Along with most people, yesterday was a reflecting kinda day. Remembering what it was like and how things have changed as a result. Our family had just moved to Germany at the end of August, so we didn't have a TV set up yet, no internet, and hadn't met any friends. We were just getting into the routine of the new school year and Bill's new job. Bill called me from work at about dinnertime like he usually did since we only had one car then and he would call to let me know to come pick him up from work. This time though it was to let me know that he would be working late...how late he had no idea, that a plane had flown into the World Trade Center. I didn't fully grasp what he was talking about. I imagined a small plane...like a Cessna or something.
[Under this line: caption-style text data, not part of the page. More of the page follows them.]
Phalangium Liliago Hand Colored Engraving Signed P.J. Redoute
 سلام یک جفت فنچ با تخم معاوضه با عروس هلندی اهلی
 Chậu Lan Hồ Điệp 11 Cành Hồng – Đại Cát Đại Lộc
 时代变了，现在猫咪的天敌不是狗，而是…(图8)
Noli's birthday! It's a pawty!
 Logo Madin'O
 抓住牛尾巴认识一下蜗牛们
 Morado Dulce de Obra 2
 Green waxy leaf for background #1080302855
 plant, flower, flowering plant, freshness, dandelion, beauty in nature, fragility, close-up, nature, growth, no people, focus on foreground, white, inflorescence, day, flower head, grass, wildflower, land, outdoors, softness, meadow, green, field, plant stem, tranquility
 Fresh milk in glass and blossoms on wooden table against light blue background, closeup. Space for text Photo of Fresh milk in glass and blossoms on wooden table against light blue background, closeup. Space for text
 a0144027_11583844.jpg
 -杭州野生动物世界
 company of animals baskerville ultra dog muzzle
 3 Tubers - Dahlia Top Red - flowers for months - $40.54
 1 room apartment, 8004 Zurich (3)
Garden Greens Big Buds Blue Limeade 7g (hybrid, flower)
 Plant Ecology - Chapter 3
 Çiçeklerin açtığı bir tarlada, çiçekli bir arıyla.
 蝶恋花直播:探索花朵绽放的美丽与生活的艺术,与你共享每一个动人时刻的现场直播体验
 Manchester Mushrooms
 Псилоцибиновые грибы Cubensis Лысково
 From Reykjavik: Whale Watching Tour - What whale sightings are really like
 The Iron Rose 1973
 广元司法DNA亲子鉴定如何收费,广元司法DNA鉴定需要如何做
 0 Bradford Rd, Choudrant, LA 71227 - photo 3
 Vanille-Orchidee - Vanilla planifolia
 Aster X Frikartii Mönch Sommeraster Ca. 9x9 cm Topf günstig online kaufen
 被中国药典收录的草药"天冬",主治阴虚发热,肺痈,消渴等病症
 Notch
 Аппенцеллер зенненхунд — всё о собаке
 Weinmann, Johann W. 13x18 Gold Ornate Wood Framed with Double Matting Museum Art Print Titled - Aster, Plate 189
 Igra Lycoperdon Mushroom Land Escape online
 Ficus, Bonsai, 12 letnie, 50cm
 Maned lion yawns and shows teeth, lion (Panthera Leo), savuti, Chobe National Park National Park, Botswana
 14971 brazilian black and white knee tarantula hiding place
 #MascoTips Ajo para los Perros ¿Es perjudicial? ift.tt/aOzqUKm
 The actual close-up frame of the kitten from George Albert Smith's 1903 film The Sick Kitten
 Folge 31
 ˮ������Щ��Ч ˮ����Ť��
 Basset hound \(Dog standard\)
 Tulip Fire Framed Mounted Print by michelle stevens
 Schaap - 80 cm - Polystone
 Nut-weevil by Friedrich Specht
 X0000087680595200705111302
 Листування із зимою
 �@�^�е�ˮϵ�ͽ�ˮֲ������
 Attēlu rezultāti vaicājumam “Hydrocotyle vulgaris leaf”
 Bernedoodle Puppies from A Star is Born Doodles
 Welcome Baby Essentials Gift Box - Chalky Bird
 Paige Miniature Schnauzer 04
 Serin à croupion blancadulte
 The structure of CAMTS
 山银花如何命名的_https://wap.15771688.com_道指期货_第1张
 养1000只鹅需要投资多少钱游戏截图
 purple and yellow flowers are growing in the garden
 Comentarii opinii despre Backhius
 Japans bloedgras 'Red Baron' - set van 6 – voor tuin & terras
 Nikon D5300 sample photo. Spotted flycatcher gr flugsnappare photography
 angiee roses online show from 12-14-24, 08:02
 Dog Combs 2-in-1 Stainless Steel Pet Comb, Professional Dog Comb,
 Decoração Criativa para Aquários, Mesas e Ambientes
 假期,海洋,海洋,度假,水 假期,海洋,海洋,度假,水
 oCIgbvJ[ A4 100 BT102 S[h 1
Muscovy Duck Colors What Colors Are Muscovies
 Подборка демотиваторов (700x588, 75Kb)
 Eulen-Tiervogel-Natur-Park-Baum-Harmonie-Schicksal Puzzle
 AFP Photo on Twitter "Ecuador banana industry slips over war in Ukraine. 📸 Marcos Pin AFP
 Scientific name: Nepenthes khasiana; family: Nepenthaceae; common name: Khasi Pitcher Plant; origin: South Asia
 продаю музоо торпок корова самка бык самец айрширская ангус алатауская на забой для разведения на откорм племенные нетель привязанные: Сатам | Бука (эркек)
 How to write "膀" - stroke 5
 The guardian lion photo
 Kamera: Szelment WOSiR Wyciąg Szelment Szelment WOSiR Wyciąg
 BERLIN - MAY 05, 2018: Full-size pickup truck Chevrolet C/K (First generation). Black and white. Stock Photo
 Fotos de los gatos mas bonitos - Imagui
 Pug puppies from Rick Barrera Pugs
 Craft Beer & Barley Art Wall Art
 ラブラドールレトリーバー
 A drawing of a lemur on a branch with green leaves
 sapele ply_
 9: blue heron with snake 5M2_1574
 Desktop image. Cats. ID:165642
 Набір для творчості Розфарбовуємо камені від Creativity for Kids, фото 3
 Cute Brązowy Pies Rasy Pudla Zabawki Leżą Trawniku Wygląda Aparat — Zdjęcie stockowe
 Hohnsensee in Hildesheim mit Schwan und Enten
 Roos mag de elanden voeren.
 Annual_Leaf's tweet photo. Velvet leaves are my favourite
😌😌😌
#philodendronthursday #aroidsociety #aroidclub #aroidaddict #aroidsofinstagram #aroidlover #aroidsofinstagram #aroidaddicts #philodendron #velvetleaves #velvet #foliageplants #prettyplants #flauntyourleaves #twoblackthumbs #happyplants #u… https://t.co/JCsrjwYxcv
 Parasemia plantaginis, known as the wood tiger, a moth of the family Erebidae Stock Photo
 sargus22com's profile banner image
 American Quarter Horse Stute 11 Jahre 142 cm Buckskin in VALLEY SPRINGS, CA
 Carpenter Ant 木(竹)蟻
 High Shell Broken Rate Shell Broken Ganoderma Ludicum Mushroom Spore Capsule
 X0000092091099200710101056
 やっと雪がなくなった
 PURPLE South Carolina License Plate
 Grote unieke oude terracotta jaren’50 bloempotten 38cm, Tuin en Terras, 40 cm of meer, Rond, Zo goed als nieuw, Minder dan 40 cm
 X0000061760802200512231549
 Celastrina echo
I wondered why it would matter to his work...I know that some world events do since Bill works in Public Affairs and when stuff happens it is his office that the media calls to find out what is up. We couldn't talk long, I could hear the phones ringing in the background. When he finally called me back and gave me the whole story it was quite late. I wasn't sure really what to do. My first instinct was to draw my family close...and those who weren't close I wanted to get in contact with...both the let them know we were OK and to know that they were OK. I know my family lives far from the danger, but it is what I wanted then. The next day we decided to keep the boys home from school. They go to school on an army base and we felt like it would be like putting them inside a huge painted target if anything else was to happen. We live in a small little village and are the only Americans on our block. When we close our gate to the street we are completely safe and anyone driving by on the street wouldn't know what nationality the people living inside were. Bill had to go to work though...he said he hated to..but that he had to. I drove him in to work and it was a surreal experience. The day before all the gates to the military housing areas near his work were open wide and the streets going in and out of the housing area were open to all traffic. On this day there were barriers set up, sandbags, soldiers at each intersection in combat gear with M-16s. We went through several checkpoints to get into where Bill's office was...and we were all silent looking through our windows at all the soldiers with their weapons.
Since then many different "force protection" practices have been implemented. I can't really go into them...but it isn't as easy to get onto the base as it used to be, and we have gotten 'used' to seeing soldiers in their gear carrying weapons. It is to keep us safe...and it slows us down coming and going but that is the way it has to be now.
Since then we have gone to war. There are support groups in my kids school for families who have moms or dads that are deployed. There are yellow ribbons with names on them signed by little hands in the PX hoping their daddy comes back home safe. Some don't. Or some come back injured. They come back on leave and have to go again. It is hard. I am so so glad that Bill isn't in the Army any more and we don't have to worry about him going there and not coming back home.